Scripture Readings: Book of the Prophet Isaiah 66:18-21; Letter to the Hebrews 12:5-7, 11-13; Gospel According to Saint Luke 13:22-30
This Sunday in Ordinary Time directs our attention to God’s intention for the salvation of the human race in Jesus Christ. Expressed another way: everyone is called to God’s Kingdom. In the Gospel passage for this Sunday, the gift of salvation is described by Jesus as people coming “from the east and west, from the north and the south, and will take their place at the feast in the Kingdom of God.” That certainly sounds like an all-encompassing and marvelous reality!
Have you ever noticed that the first letter of the four directions of the compass, that is, north, east, west, south, spells the word, NEWS. The Good News for followers of Jesus is that in Christ all the nations, from every direction, and from all times, are to be saved, meaning no one is excluded from the possibility of sharing God’s life forever.
Rather than preoccupation with numbers: “how many will be saved?”, Jesus emphasizes the more important point, namely, to make sure that we as a community of faith are on the path to salvation by lives on fire for the things of God.
Salvation cannot be bought, inherited or stolen, but simply gained, by a life of doing God’s will and living under the inspiration of the Holy Spirit. This also means freely belonging to the one, holy, catholic and apostolic Church, which Jesus founded. We are incorporated into the Church through Baptism and nourished by the other Sacraments of the Church. Admittedly, it takes time and persevering work to attain the fullness of God’s Kingdom, but it is not impossible.
Anything that is good and worth having implies an effort in attaining it. It is no different in our life in Christ. The worst mistake on the spiritual path is to become complacent, presuming we are “home safe,” simply by having been baptized and confirmed. These are important steps in the pilgrim way to God, but the spiritual life has to be cultivated, lived out day by day, and not seen a kind of “punch card,” that we have in hand for a guaranteed entry into God’s Kingdom, Heaven, as it is usually called.

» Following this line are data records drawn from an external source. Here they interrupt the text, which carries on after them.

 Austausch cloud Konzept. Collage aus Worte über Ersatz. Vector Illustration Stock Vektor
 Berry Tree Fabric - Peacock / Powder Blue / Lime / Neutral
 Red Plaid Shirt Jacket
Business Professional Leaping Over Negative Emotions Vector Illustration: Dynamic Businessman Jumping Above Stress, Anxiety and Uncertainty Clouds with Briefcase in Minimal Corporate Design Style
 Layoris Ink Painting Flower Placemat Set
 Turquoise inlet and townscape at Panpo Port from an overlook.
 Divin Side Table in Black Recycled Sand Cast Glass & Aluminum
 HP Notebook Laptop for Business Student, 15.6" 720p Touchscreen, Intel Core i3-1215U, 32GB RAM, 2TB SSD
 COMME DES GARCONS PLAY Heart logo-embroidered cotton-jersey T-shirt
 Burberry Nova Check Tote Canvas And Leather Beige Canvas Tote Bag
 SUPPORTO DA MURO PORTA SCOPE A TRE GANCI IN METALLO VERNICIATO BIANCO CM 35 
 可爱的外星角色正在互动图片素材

In the Gospel this Sunday, Jesus speaks in terms of a “narrow door,” which leads to a banquet hall. It is metaphorical language used to describe something that in fact is indescribable. Nonetheless human language is needed to at least approximate the truths of our faith and the deeper mysteries that influence and shape our lives in Christ.
Jesus insisted during his public ministry that it is “doing the will of God” that matters most, and even blood relationship could not reduce the requirement of acting on God’s Word, in order to enter the Kingdom of God. Expressed another way, our present activity is important and will determine whether or not we share in the banquet of Christ in the great future of his coming.
No one is forcing us into God’s House, but we are lovingly invited by God and drawn into the mystery of serving God and neighbor as our primary activities in this life. How easy to forget his and how challenging to do it well! Thankfully, in the Catholic tradition we have the Sacrament of Penance or Reconciliation, where we receive God’s forgiveness of our sins, in our failures in faith, hope and love.
Jesus says in the Gospel that some who at present appear to be “last” will be first when the coming of Jesus in glory takes place. Conversely, some who are “first” now, in prestige, wealth or whatever form of worldly status, could ultimately be last or even miss out in the coming of the Lord.
Implied in this message of Jesus is the answer to the original question about “how many” will be saved. We believe many will be saved and from all races. However, and most importantly, a clear call exists for everyone from everywhere to strive earnestly, throughout one’s life, to enter God’s banquet hall. This is best realized in doing God’s will day in and day out.
The biblical scholar, the late Father Carroll Stuhlmueller, C.P., comments on this Sunday’s Gospel text with these words:
“We must be willing to accept the sudden, unexpected turns of life, even to be at peace with our sinful, suffering moments, to be ready for the unplanned yet heroic demands of sickness and misfortune. When we seem to become the outcast, we are one with those who are coming from the ends of the earth and entering by the narrow door” (from “Biblical Meditations for Ordinary Time, Weeks 10 – 22,” Paulist Press, 1984, p. 387).